::: EXERCISE INPUT

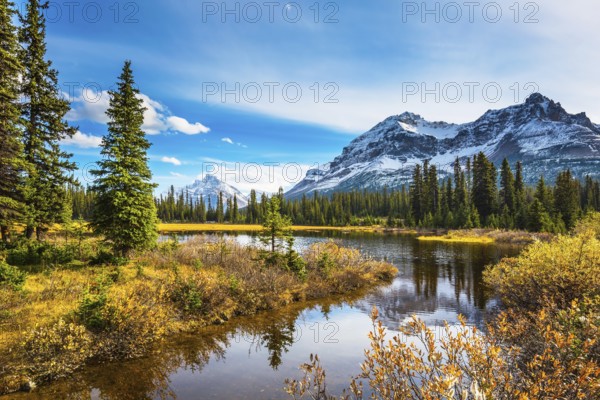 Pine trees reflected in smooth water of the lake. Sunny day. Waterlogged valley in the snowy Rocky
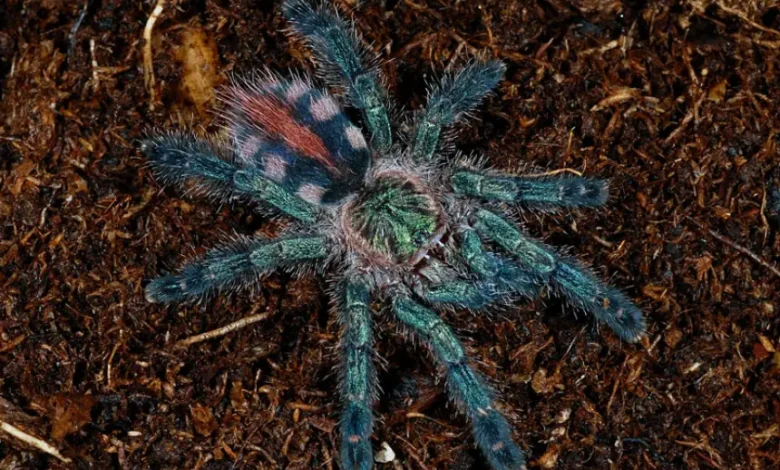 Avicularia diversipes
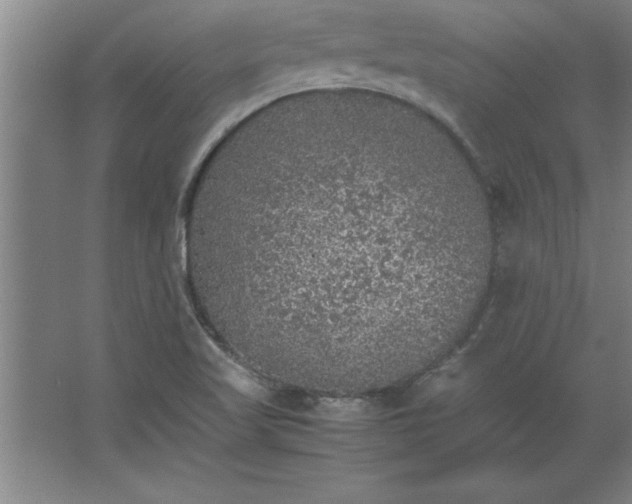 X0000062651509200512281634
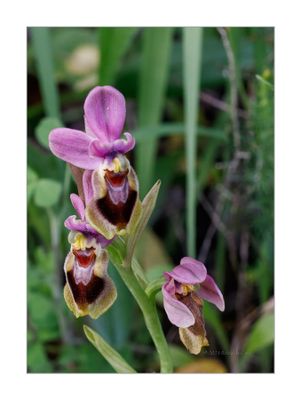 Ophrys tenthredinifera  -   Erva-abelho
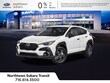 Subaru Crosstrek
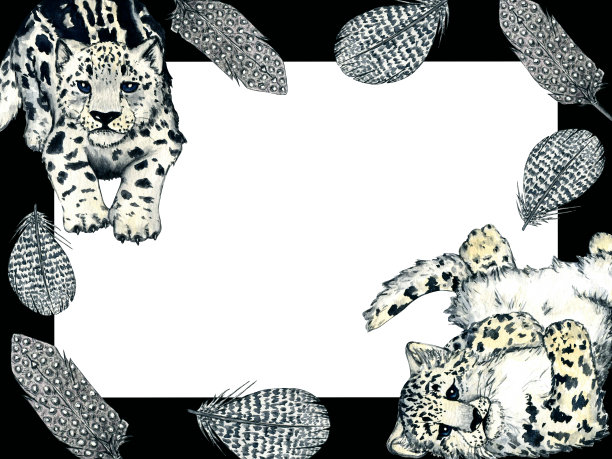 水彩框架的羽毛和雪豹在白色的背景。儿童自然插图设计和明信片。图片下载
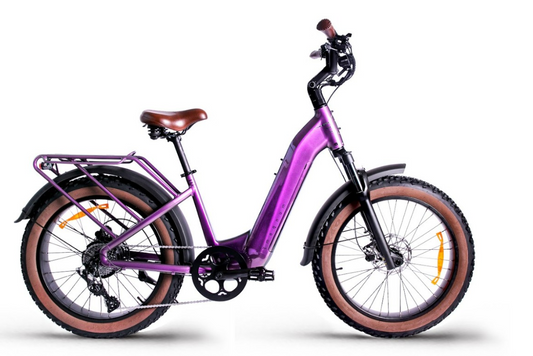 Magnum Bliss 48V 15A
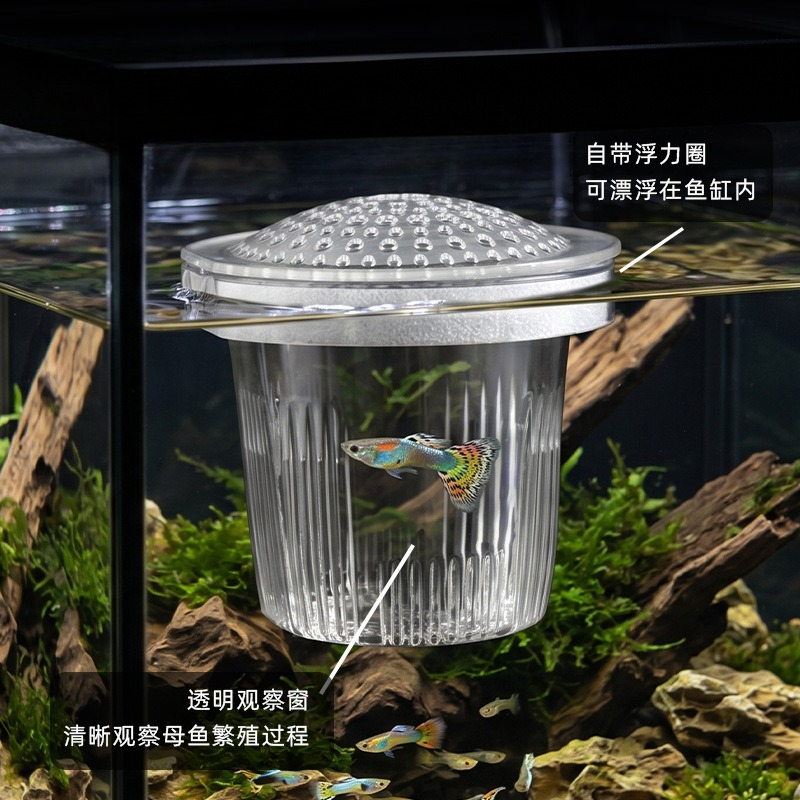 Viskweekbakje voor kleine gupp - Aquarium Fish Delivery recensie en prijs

::::::
::: EXERCISE INPUT

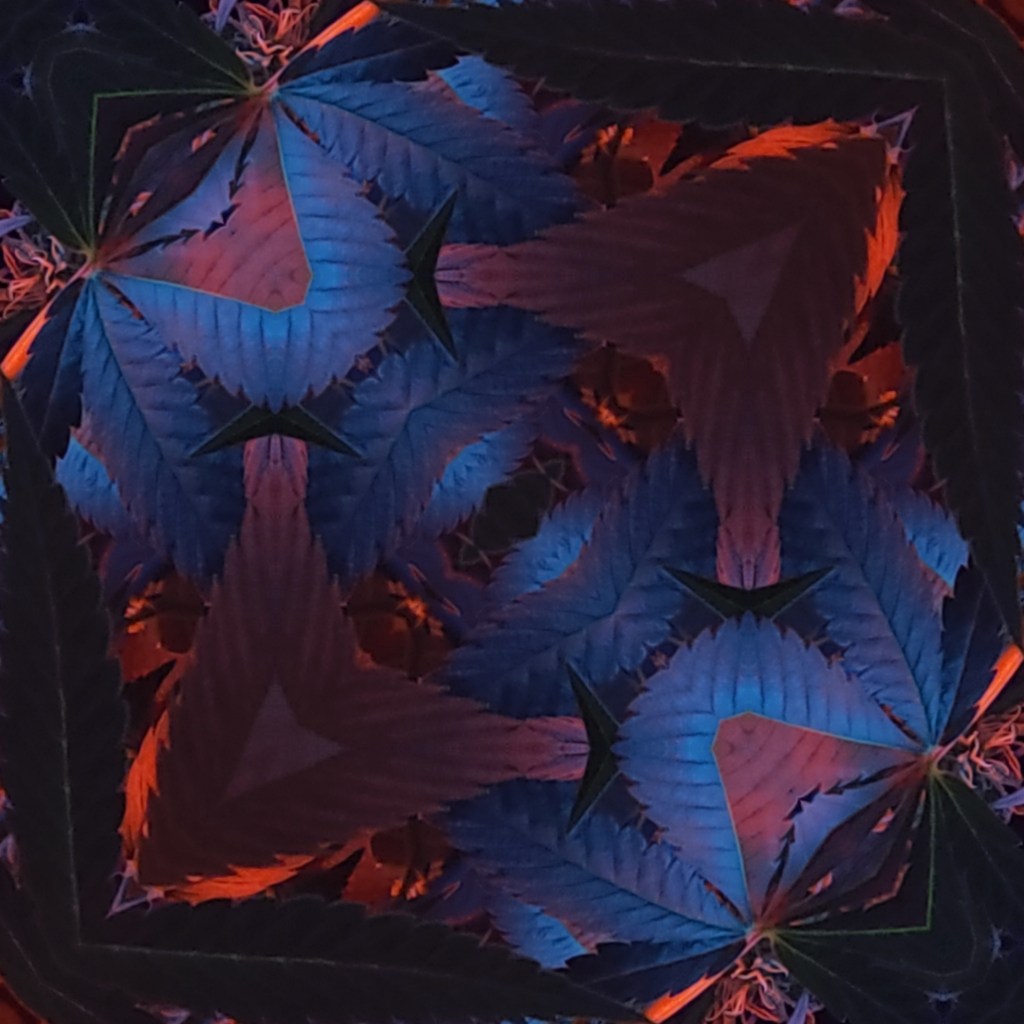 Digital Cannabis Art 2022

::::::

* ASSIGNMENT *
Copy only what lies between the line with "X0000062651509200512281634" and the line with "Viskweekbakje voor kleine", those two lines included, exactly as given above; pictures stay out.

* EXERCISE SOLUTION *
 X0000062651509200512281634
 Ophrys tenthredinifera  -   Erva-abelho
 Subaru Crosstrek
 水彩框架的羽毛和雪豹在白色的背景。儿童自然插图设计和明信片。图片下载
 Magnum Bliss 48V 15A
 Viskweekbakje voor kleine gupp - Aquarium Fish Delivery recensie en prijs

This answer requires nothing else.